::: Dataset excerpts

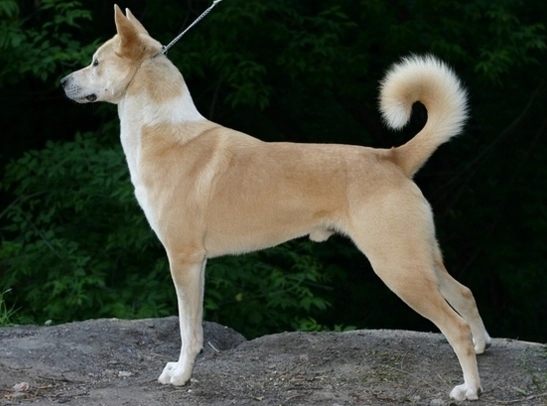 Canaan dog training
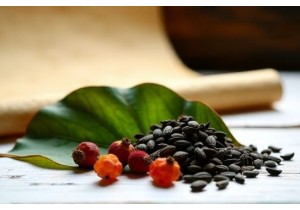 Chinese Herbs for Weight Loss: Real TCM Results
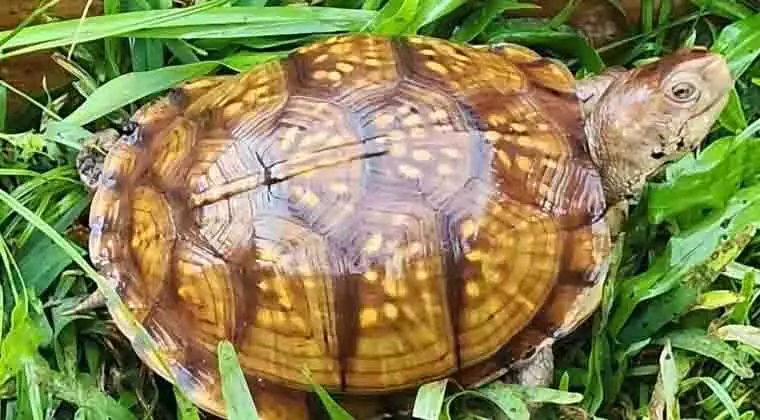 can box turtles eat watermelon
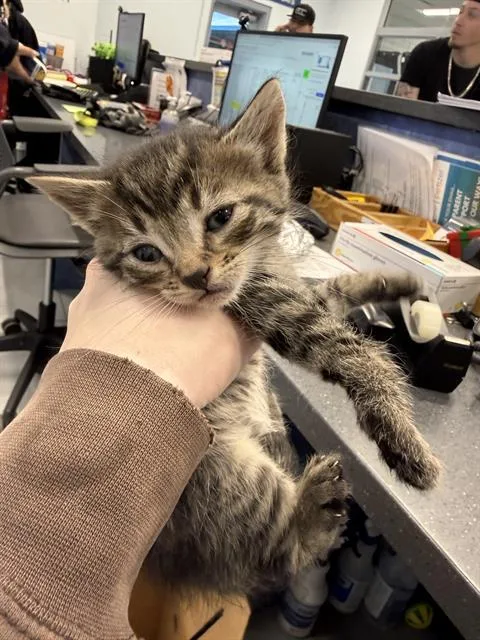 A baby small-sized male Domestic Short Hair cat named Clover for adoption in Charlotte, NC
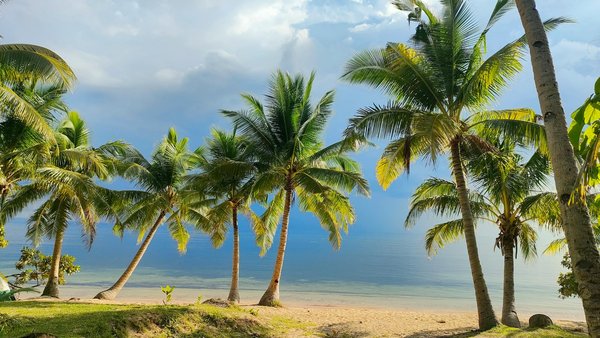 Discover the Top UK Destinations for Expert Workshops in Traditional British Tapestry Weaving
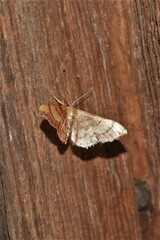 Idaea demissaria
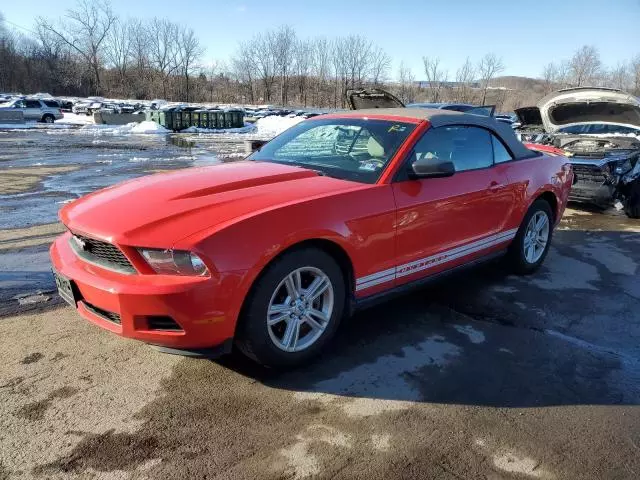 2011 Ford Mustang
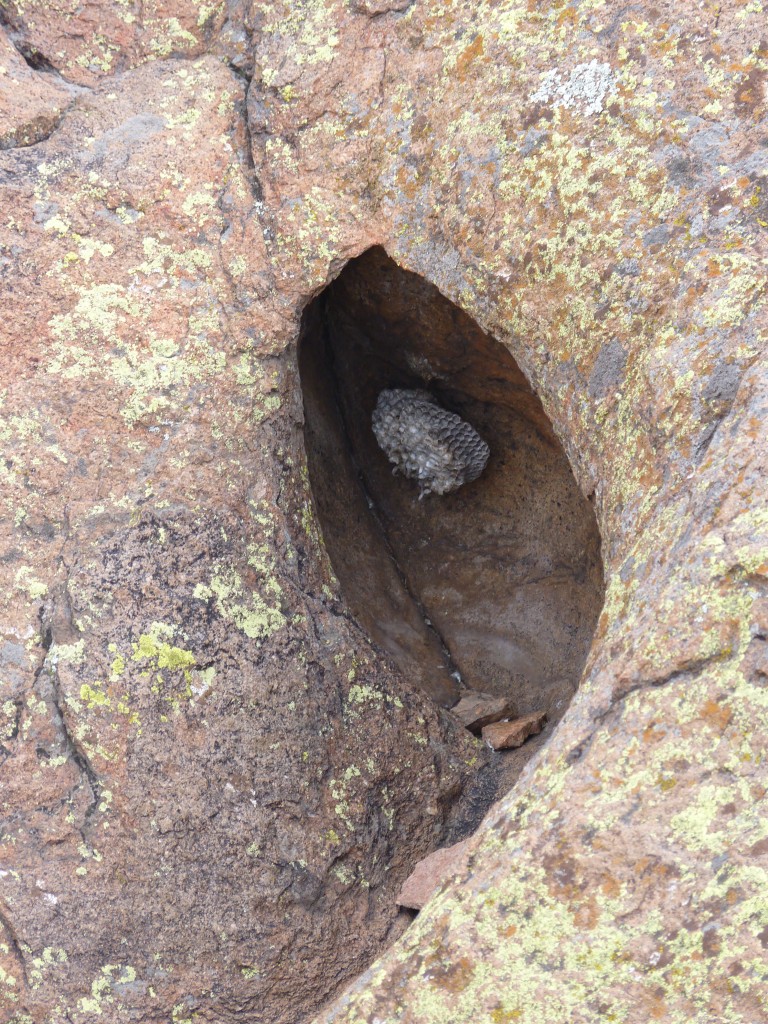 Foto: Parque Nacional Lihué Calel. - Lihué Calel (La Pampa), Argentina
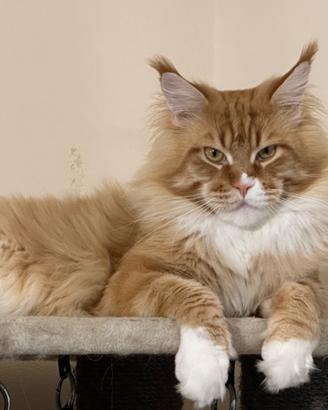 Cuccioli di Maine Coon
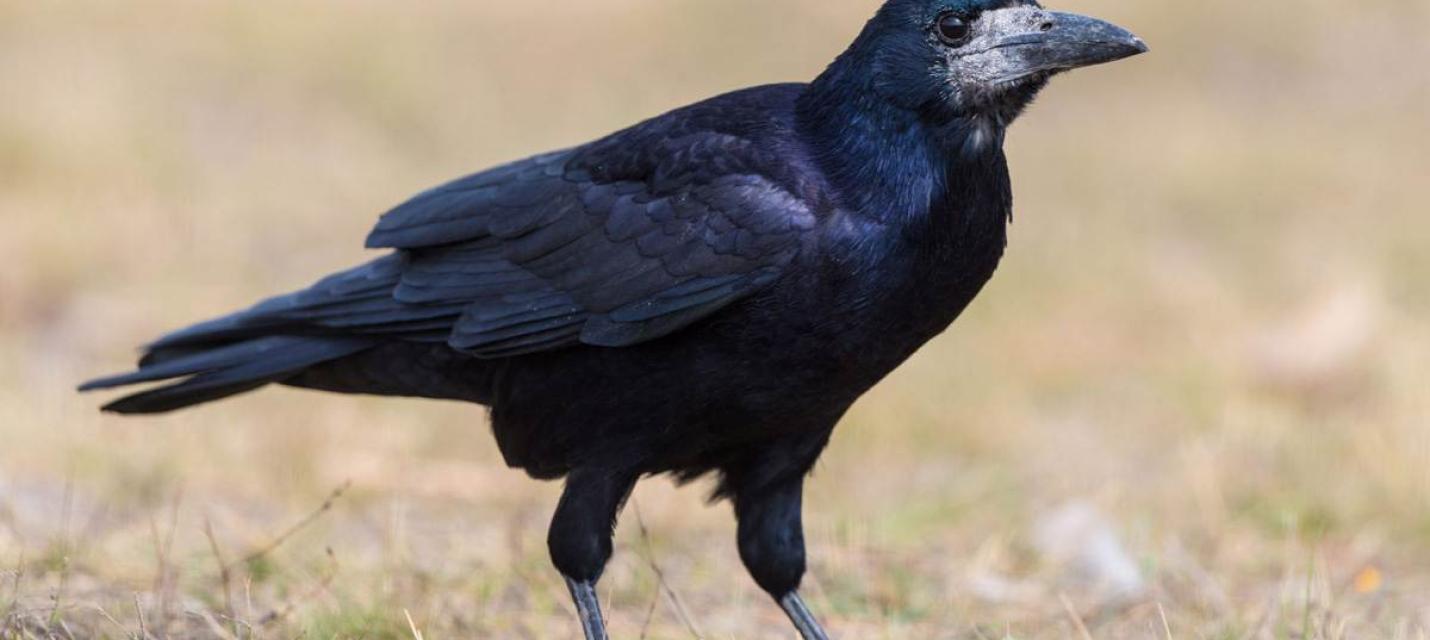 Saatkrähe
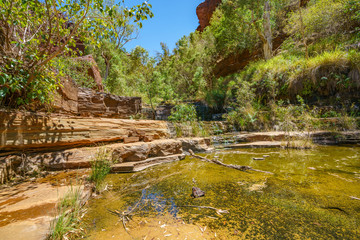 hiking in dales gorge, karijini national park, western australia 39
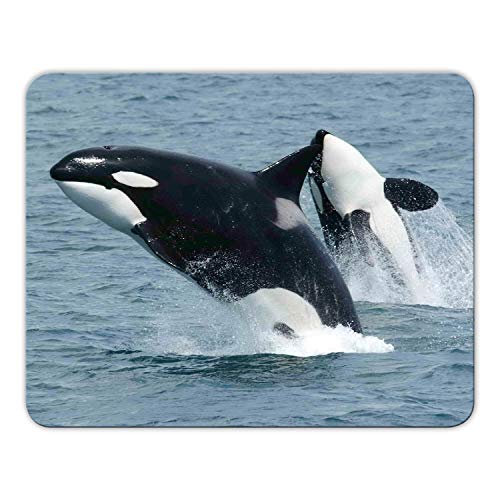 Addies Mousepad 'WAL' schönes Mauspad Motiv mit Kautschuk Untermaterial, 24x19cm - MP02 Addies Mousepad 'WAL' schönes Mauspad Motiv mit Kautschuk Untermaterial, 24x19cm - MP02 von Geist und Geschenk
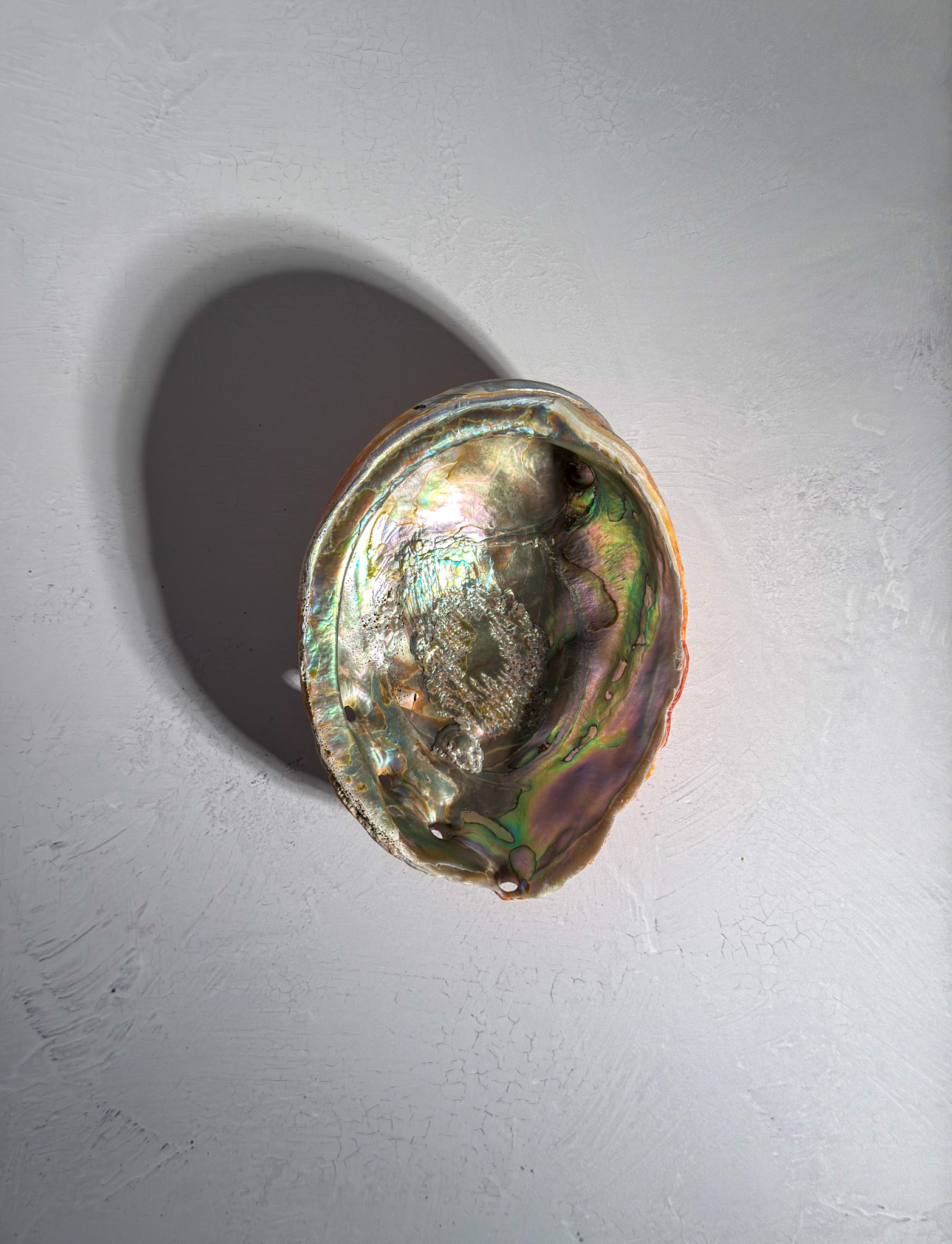 Pink Abalone Shell 7.5" #12 - Extinct Bird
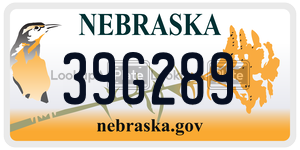 39G289  license plate in NE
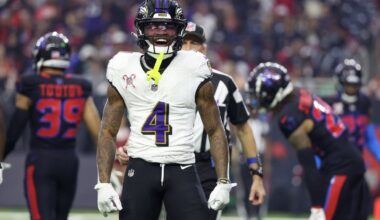 Zay Flowers stats, game log, news, injury status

::::::

**Work task:**
The result should be every entry, word for word, and no pictures.

**Answer section:**
 Canaan dog training
 Chinese Herbs for Weight Loss: Real TCM Results
 can box turtles eat watermelon
 A baby small-sized male Domestic Short Hair cat named Clover for adoption in Charlotte, NC
 Discover the Top UK Destinations for Expert Workshops in Traditional British Tapestry Weaving
 Idaea demissaria
 2011 Ford Mustang
 Foto: Parque Nacional Lihué Calel. - Lihué Calel (La Pampa), Argentina
 Cuccioli di Maine Coon
 Saatkrähe
 hiking in dales gorge, karijini national park, western australia 39
 Addies Mousepad 'WAL' schönes Mauspad Motiv mit Kautschuk Untermaterial, 24x19cm - MP02 Addies Mousepad 'WAL' schönes Mauspad Motiv mit Kautschuk Untermaterial, 24x19cm - MP02 von Geist und Geschenk
 Pink Abalone Shell 7.5" #12 - Extinct Bird
 39G289  license plate in NE
 Zay Flowers stats, game log, news, injury status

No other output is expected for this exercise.